**Problem:**
Write out, please, each line from the one containing "Giovane donna dicendo" to the final line of the data, both included, exactly and without pictures.

**Exercise data:**
==*==

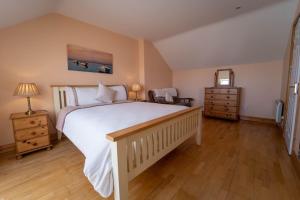 Uma cama ou camas num quarto em Burnham View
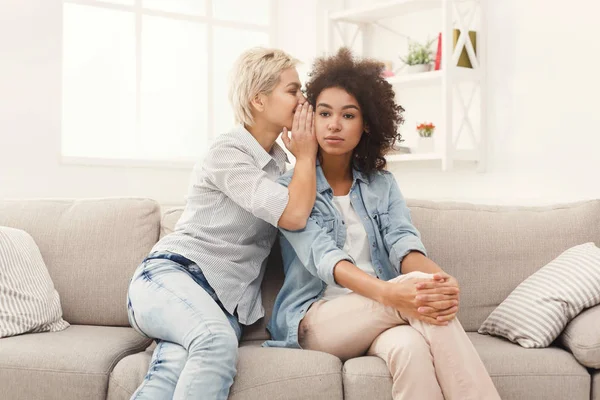 Giovane donna dicendo al suo amico alcuni segreti — Foto Stock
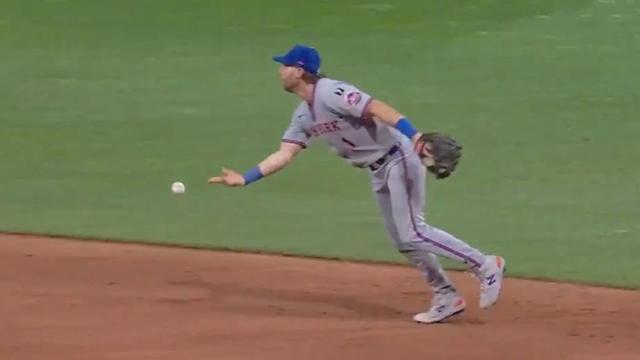 Jeff McNeil throwing the ball underhanded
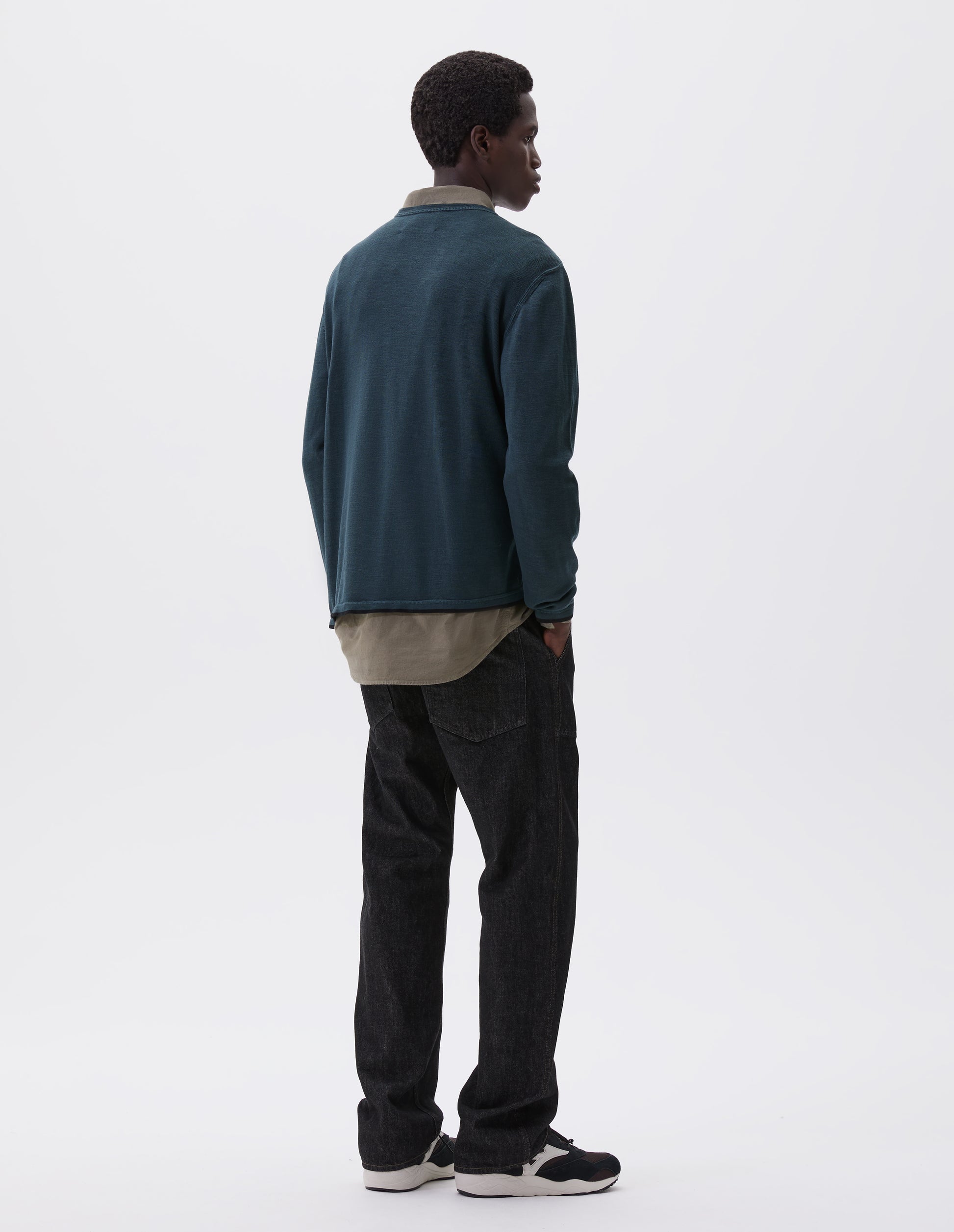 Full body image, front view of model wearing black denim twill jeans, with metal button fly, grown on waistband with belt loops and back pockets with half cotton lining. Styled with green shirt, blue jumper and black and brown trainers.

==*==

**Solution to the exercise:**
 Giovane donna dicendo al suo amico alcuni segreti — Foto Stock
 Jeff McNeil throwing the ball underhanded
 Full body image, front view of model wearing black denim twill jeans, with metal button fly, grown on waistband with belt loops and back pockets with half cotton lining. Styled with green shirt, blue jumper and black and brown trainers.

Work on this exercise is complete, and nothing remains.